But how is this achieved?
Consider crafting a query that involves searching for an entry in a column for which you've already established a non-clustered index. This type of index inherently encompasses:
1. Column entries for which the index is created.
2. Addresses of the corresponding rows in the main table to which the column entries belong.
You can see this visually in the left mini-table in the figure:
Let me explain this using a query.
CREATE INDEX product_category_index
ON product (category);
SELECT product_name, category, price
FROM product
WHERE category = ‘electronics’;
The database operates through three key steps:
1. **Firstly:** It navigates to the non-clustered index (in this case, 'product_category_index'), pinpointing the column entry you searched for (e.g., category = 'electronics') using the efficient binary search method.
2. **Secondly:** It seeks the address of the corresponding row in the main table that corresponds to the identified column entry.
3. **Finally:** It accesses that specific row in the main table, retrieving additional column values as needed for your query (e.g., product_name, price).

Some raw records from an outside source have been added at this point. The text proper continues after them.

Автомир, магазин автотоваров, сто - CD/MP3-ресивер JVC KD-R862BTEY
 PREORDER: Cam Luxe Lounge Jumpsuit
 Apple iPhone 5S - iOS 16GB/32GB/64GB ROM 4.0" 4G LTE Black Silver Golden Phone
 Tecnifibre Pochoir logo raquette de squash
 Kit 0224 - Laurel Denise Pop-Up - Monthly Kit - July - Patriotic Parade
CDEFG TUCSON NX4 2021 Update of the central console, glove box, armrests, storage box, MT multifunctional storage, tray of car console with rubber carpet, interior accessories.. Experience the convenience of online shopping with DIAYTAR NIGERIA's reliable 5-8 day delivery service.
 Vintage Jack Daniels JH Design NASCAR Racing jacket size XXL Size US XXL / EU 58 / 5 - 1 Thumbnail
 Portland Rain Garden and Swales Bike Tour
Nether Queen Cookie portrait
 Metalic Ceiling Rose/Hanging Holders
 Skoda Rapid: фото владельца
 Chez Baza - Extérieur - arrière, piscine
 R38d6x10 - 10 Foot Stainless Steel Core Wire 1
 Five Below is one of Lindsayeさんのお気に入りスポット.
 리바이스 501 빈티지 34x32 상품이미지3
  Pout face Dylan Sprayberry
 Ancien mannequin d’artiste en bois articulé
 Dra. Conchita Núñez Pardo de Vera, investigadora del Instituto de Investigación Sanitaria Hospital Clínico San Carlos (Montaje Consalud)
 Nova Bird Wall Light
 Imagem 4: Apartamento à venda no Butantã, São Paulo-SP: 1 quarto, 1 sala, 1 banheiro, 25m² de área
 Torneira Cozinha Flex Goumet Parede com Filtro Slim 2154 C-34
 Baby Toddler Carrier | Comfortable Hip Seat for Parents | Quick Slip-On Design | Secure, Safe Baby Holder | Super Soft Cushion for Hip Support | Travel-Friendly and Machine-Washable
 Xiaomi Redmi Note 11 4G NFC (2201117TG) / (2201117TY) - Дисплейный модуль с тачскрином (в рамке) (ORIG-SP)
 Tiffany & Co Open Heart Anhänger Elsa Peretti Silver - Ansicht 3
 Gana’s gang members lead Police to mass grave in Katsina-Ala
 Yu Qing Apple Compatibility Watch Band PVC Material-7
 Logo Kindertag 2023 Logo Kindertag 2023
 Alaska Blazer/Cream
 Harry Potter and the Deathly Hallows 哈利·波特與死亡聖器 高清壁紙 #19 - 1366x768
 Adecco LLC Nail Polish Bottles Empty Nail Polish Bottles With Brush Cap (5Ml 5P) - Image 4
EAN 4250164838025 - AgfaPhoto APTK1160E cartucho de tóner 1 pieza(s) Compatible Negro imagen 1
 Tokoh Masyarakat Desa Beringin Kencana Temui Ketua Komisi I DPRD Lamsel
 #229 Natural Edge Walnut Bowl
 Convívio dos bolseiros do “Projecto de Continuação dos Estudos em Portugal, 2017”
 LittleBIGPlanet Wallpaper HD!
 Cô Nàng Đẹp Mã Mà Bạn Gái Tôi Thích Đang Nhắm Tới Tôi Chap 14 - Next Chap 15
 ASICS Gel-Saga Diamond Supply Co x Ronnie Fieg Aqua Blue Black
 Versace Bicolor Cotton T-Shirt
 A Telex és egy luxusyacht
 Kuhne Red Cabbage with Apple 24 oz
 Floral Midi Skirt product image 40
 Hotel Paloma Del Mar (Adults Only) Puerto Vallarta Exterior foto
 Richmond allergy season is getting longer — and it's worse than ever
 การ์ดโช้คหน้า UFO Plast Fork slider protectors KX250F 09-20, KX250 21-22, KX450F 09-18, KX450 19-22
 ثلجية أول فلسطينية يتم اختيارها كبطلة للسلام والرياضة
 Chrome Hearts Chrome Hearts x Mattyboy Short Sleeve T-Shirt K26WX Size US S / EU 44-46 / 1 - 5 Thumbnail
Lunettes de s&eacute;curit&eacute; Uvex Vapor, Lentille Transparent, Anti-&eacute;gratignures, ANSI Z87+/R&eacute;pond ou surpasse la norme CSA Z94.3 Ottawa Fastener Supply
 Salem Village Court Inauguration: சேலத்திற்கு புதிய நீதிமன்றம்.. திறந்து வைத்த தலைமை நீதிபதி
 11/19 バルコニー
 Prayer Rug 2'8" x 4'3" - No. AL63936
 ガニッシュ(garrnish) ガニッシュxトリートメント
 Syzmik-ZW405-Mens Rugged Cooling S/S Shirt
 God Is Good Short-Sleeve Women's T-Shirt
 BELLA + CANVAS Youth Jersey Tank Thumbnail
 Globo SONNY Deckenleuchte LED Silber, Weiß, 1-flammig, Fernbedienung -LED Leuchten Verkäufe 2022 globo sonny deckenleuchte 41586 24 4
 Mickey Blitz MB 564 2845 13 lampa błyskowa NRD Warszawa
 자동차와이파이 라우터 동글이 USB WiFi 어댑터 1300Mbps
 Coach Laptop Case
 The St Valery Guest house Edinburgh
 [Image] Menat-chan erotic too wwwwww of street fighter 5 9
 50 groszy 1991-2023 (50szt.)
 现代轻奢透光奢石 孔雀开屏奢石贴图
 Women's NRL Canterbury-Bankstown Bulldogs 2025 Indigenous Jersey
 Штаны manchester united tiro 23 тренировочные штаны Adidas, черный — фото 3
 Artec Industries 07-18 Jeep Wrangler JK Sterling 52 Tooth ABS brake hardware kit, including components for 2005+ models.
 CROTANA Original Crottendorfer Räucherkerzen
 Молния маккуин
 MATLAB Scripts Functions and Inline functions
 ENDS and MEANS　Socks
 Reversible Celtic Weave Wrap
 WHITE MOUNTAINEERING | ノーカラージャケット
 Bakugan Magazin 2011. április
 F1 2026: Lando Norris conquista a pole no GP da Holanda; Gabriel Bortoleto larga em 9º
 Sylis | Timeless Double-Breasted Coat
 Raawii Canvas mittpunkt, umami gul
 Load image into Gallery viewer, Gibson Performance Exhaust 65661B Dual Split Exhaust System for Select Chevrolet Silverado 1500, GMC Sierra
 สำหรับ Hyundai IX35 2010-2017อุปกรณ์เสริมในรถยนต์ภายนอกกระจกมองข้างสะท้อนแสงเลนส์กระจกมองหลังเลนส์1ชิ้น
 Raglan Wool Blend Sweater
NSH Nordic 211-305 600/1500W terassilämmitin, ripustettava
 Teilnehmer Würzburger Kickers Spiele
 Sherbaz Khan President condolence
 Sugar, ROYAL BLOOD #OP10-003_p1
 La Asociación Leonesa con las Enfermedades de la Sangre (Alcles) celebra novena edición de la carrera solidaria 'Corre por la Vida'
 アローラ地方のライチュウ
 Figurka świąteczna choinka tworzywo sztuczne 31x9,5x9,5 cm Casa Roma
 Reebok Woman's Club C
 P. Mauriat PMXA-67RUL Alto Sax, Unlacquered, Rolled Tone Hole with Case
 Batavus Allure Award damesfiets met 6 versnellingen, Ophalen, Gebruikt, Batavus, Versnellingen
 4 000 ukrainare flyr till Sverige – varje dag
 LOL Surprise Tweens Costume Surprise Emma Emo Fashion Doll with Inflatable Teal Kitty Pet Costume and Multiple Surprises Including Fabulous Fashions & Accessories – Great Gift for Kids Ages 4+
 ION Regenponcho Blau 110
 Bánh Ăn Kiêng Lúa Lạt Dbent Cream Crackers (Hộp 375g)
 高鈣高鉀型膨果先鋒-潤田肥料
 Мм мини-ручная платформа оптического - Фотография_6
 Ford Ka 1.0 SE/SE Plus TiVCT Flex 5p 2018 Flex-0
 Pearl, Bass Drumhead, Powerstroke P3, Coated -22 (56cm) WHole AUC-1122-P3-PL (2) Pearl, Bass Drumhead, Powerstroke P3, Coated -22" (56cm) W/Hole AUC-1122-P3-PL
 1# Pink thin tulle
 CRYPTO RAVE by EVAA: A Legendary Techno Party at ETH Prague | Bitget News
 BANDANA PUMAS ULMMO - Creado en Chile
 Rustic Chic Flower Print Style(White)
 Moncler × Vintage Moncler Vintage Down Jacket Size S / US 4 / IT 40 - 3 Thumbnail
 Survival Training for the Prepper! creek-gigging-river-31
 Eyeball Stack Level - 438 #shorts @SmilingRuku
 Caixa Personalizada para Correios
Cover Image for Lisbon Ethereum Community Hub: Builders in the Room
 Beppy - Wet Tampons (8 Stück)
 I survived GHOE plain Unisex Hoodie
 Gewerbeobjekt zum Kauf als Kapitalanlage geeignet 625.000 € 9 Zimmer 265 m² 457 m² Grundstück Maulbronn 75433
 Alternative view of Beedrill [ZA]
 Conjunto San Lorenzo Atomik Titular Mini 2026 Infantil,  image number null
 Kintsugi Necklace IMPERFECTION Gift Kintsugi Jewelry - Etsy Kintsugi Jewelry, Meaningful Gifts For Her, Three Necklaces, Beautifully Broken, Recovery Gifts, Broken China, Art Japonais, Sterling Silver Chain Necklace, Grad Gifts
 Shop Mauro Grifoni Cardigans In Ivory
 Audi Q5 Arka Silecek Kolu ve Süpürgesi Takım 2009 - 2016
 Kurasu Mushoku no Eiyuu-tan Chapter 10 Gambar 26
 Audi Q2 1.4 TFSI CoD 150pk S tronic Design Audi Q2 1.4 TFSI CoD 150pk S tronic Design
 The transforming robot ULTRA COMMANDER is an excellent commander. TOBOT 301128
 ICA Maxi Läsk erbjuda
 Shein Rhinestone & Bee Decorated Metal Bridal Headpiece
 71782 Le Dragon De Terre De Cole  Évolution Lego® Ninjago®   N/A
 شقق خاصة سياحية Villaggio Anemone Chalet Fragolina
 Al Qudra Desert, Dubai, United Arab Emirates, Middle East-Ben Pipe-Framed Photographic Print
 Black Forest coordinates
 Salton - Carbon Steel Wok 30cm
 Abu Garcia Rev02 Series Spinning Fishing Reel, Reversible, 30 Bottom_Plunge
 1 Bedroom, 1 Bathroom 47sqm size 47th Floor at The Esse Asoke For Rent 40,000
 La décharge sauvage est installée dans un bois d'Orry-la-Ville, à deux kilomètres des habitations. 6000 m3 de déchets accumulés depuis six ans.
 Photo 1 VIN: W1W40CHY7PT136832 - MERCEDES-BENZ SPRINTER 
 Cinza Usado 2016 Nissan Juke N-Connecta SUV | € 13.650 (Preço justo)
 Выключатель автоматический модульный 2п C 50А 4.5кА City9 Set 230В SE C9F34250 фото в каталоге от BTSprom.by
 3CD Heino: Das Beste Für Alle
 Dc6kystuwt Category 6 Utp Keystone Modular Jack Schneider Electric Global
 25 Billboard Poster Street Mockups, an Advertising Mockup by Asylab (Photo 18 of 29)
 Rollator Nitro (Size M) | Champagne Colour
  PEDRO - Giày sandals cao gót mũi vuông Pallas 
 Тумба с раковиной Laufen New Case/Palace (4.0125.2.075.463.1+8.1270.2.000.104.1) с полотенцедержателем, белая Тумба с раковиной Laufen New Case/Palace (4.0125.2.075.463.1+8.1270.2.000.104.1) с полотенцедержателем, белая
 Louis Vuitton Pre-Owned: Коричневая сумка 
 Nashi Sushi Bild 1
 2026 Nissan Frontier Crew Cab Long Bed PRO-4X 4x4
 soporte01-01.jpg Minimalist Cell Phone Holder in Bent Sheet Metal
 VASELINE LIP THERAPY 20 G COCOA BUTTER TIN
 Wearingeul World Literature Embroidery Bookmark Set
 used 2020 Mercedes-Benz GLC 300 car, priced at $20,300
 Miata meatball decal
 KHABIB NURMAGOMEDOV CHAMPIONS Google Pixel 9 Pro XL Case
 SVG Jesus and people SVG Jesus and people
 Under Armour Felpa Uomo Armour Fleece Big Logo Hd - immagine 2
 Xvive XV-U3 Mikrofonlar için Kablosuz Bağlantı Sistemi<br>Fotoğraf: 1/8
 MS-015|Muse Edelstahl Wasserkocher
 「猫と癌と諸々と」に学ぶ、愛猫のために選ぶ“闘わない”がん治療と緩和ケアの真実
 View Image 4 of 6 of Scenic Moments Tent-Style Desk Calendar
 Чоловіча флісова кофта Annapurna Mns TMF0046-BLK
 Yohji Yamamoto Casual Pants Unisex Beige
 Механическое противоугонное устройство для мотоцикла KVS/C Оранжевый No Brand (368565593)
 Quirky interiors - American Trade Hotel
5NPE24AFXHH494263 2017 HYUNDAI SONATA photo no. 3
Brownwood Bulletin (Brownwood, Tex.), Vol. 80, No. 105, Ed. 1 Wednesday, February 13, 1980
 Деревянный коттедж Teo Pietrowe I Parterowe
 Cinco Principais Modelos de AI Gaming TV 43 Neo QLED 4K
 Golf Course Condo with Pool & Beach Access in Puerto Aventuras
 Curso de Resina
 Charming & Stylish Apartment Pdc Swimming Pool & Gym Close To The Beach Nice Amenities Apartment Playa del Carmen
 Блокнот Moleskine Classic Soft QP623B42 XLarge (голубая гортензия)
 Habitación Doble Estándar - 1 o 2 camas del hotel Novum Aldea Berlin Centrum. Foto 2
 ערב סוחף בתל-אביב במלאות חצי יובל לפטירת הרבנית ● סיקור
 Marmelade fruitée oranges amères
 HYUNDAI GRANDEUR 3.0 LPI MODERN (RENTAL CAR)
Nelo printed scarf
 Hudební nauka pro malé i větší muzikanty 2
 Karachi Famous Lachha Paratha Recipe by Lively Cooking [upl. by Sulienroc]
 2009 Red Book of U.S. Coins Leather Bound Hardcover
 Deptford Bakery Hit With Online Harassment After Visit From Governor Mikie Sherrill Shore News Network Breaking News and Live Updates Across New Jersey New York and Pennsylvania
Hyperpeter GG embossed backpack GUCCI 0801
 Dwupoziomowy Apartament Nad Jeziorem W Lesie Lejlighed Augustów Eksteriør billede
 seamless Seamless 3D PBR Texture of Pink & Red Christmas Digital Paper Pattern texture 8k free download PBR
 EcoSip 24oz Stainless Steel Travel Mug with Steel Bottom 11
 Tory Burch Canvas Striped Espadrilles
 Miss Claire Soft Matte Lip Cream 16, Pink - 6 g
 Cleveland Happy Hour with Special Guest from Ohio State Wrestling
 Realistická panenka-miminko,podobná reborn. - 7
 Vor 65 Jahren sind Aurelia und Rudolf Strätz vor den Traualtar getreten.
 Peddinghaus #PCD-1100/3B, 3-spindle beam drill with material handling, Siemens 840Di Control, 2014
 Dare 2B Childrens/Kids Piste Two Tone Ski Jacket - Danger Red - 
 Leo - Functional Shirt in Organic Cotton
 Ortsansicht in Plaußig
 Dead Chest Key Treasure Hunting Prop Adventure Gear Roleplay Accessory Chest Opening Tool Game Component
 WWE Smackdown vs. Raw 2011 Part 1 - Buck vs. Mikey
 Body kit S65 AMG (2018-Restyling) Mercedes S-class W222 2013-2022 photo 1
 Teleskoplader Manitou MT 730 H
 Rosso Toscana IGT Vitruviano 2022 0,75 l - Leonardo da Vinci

It's important to note that a non-clustered index involves an additional step compared to a clustered index—it requires finding the address and then going to the corresponding row in the main table. This additional step makes non-clustered indexes relatively slower than their clustered counterparts.
CREATE TABLE demo(
id INT NOT NULL,
first_name VARCHAR(25) NOT NULL,
last_name VARCHAR(35) NOT NULL,
age INT NOT NULL,
PRIMARY KEY(id)
);
/* Index on First Name */
CREATE INDEX demo_fname ON demo (first_name);
/* Will tell us whether our query uses the intended index */
explain SELECT * FROM demo WHERE first_name = "Donald" \G
Output
*************************** 1. row ***************************
id: 1
select_type: SIMPLE
table: demo
partitions: NULL
type: ref
possible_keys: demo_fname
key: demo_fname
key_len: 27
ref: const
rows: 1
filtered: 100.00 Extra: NULL
To harness the index's benefits, it's crucial to isolate the column, ensuring it's not incorporated into a function or expression.